I have written a simple pythorc class to read images and generate Patches from them to obtain my own dataset . I’m using pythorch Dataloader but when I try to iterate trough the dataset it gives me an error:

    train()
    for i, data in enumerate(train_loader, 0):
    return _DataLoaderIter(self)
    self._put_indices()
    indices = next(self.sample_iter, None)
 in __iter__
    for idx in self.sampler:
 in __iter__
    return iter(range(len(self.data_source)))
 in __len__
    raise NotImplementedError
NotImplementedError

this is my code

def read_image(image_path, **kwargs):
    # cv2 requires int images or float between -1 and 1.
    image, metadata = read_dcm(image_path, dtype=np.int32, **kwargs)
    return image, metadata


def get_ROI(listP, views, patch_size, **kwargs):
   
    num_total = num_pos + num_neg

    print('num_pos', num_pos)
    print('num_neg', num_neg)
    print('num_total', num_total)

    rois = roisP + roisN
    grts = grtsP + grtsN

    """shuffle your dataset"""


    c = list(zip(rois, grts))
    random.shuffle(c)
    rois, grts = zip(*c)

    print('rois shape', np.shape(rois))
    print('grts shape', np.shape(grts))

    #
    # max_w = max(width)
    # max_l = max(length)
    # print('max_w',max_w)
    # print('max_l', max_l)

    return rois,grts,num_total,num_pos,num_neg


class UNetMammoMC(Dataset):
    """UNetMammoMC dataset."""

    def __init__(self, type_dataset, output_size, transform=None, compute_weights=True, **kwargs):
        """

        Parameters

        type_dataset: 'train val or test'
        output_size: patch size

        ==========

        """

        assert type_dataset in {'train', 'val', 'test'}, 'Choose one of `train`, `val` or `test`.'
        self.rois = []
        self.grts=[]
        self.total=0
        self.pos=0
        self.neg=0



        self.roi_w, self.roi_h=output_size,output_size

        self.annotations = cfg.ANNOTATIONS_MC_ROOT
        print(self.annotations)


        self.lists = cfg.LISTS_MC[type_dataset.upper()]
        print(self.lists)
        print(cfg.LISTS_MC.ROOT)
        self.pos_list = read_list(os.path.join(cfg.LISTS_MC.ROOT, self.lists))
        """Neg list has to be inserted"""

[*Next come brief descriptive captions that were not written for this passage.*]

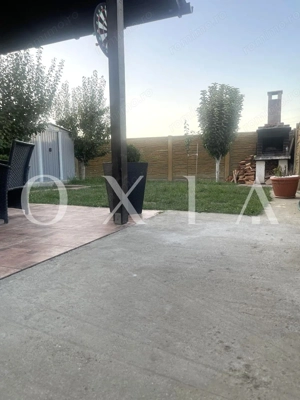 AX1109 Giroc-Esso, 1/2 Duplex MobilatUtilat - imagine 11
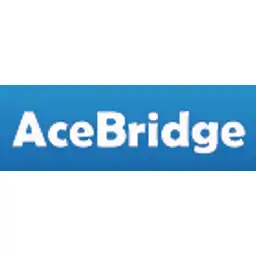 n5jkekywkos0ovpbgxs1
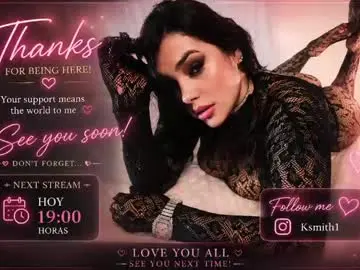 Chaturbate Adult Video Chat of krysstal__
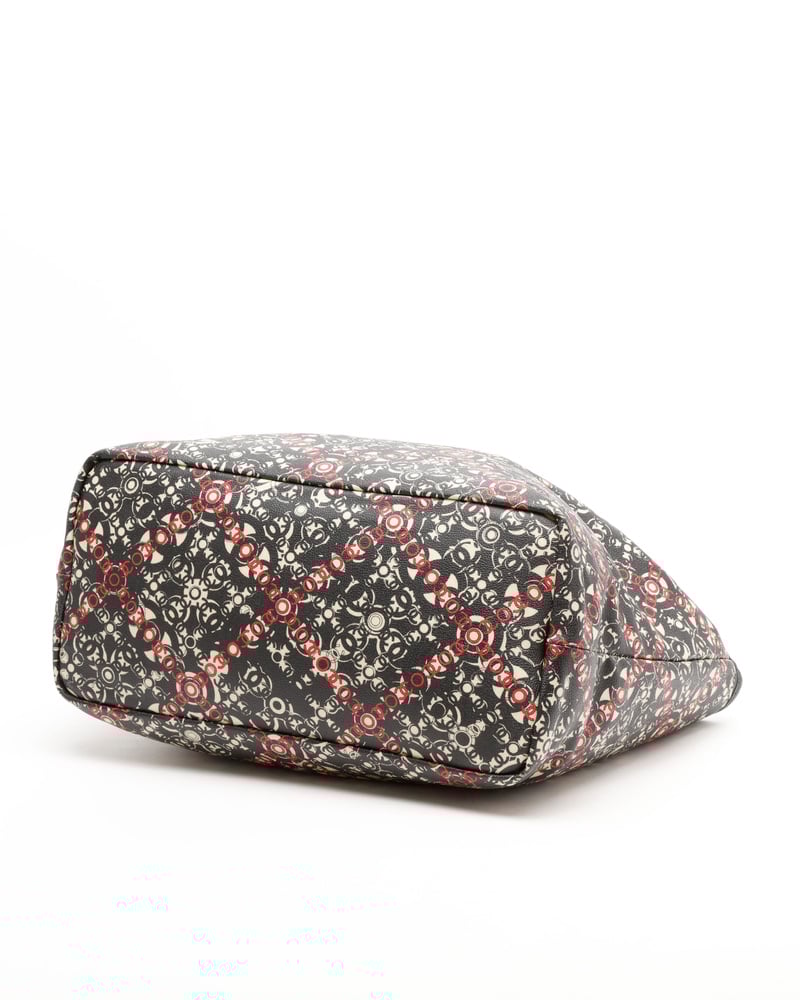 35914_723fb1c510_file-full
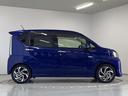 １年保証　ナビＴＶ　ＥＴＣ　全方位カメラ　ドラレコ　運転席シートヒーター　ＤＶＤ　ＵＳＢ　Ｂｌｕｅｔｏｏｔｈ　オートマチックハイビーム　ＬＥＤヘッドライト　スマートキー　１５インチ純正アルミホイール（兵庫県）の中古車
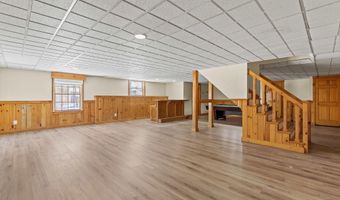 20 Brandywine Cir, Auburn, ME 04210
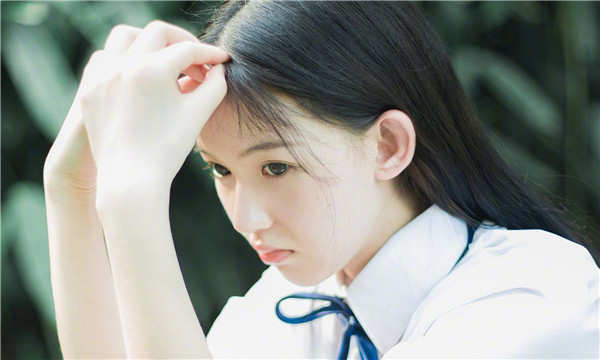 东胜供卵代怀是什么意思｜供卵自怀的成功率高吗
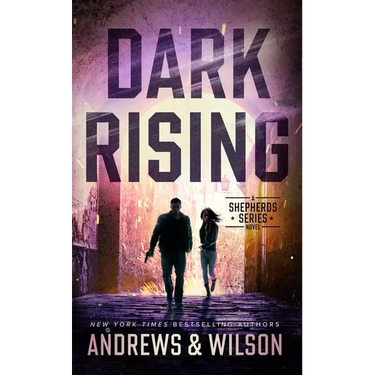 Dark Rising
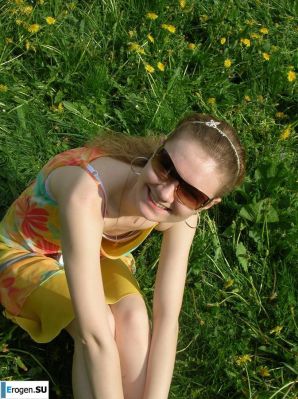 Подборка УПСов. Часть 3. Эскиз 38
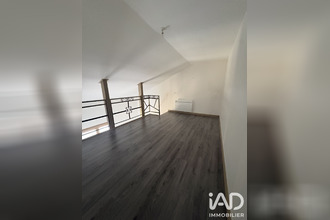 achat appartement st-avre 73130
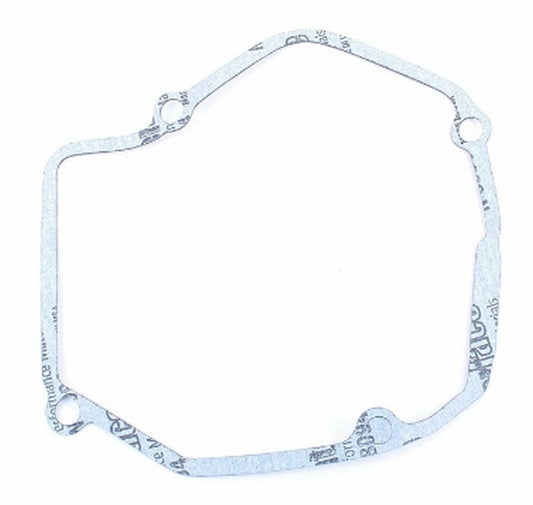 Alternator Cover Gasket HONDA CR 125R '05-'07 (OEM: 11352KSR730), Athena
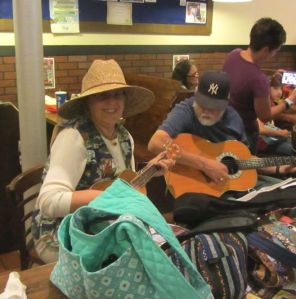 10262160_668528503217469_593374701224576251_n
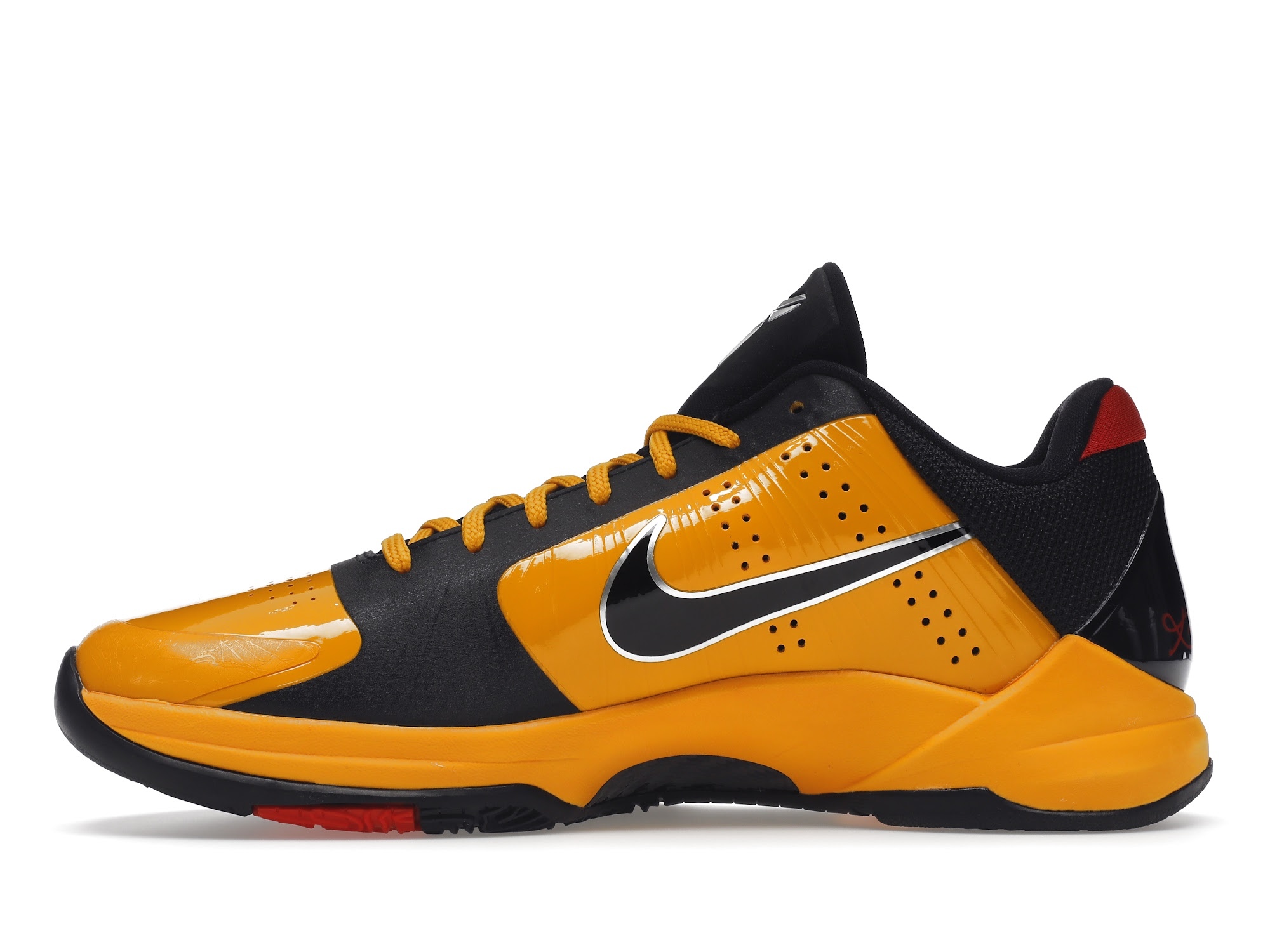 kobe 5 bruce lee price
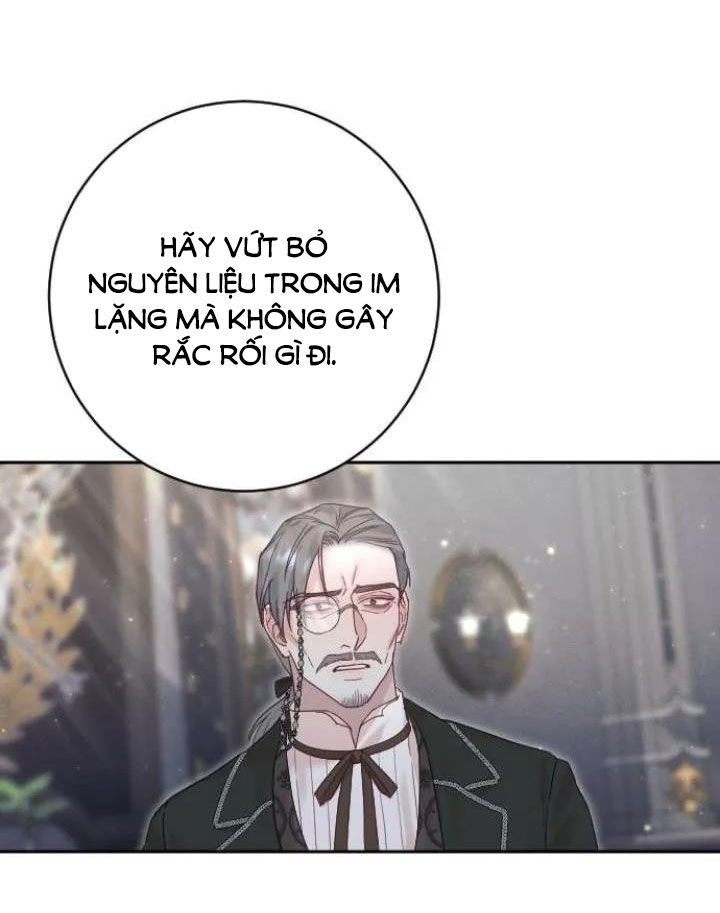 Thuần Hóa Nam Nô Lệ Hắc Hóa Chap 282 - Next Chap 283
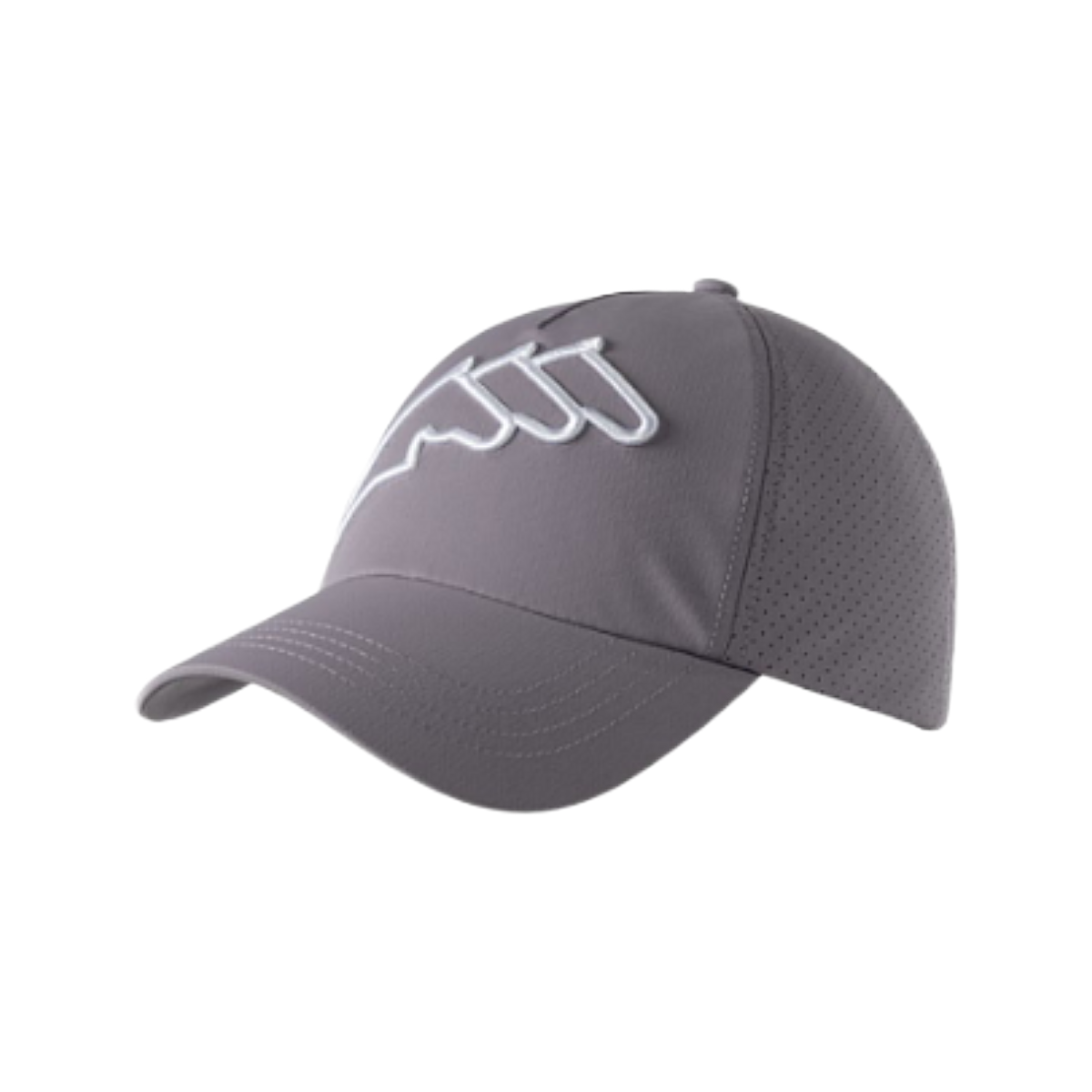 Equiline Conec Baseball Cap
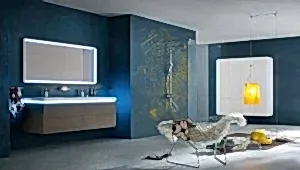 Banyo Dolabı 12 04 2 1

        print('self.pos_list', self.pos_list)  # image list

        self.classes = ['normal', 'has_lesion']

        self.idx_to_class = {0: 'normal', 1: 'has_lesion'}

        self.n_classes = len(self.classes)

        self.view = ['cl', 'cr', 'ml', 'mr']

        self.rois,self.grts,self.total, self.pos, self.neg=get_ROI(self.pos_list, self.view, output_size)

        print('Init: num total',self.total)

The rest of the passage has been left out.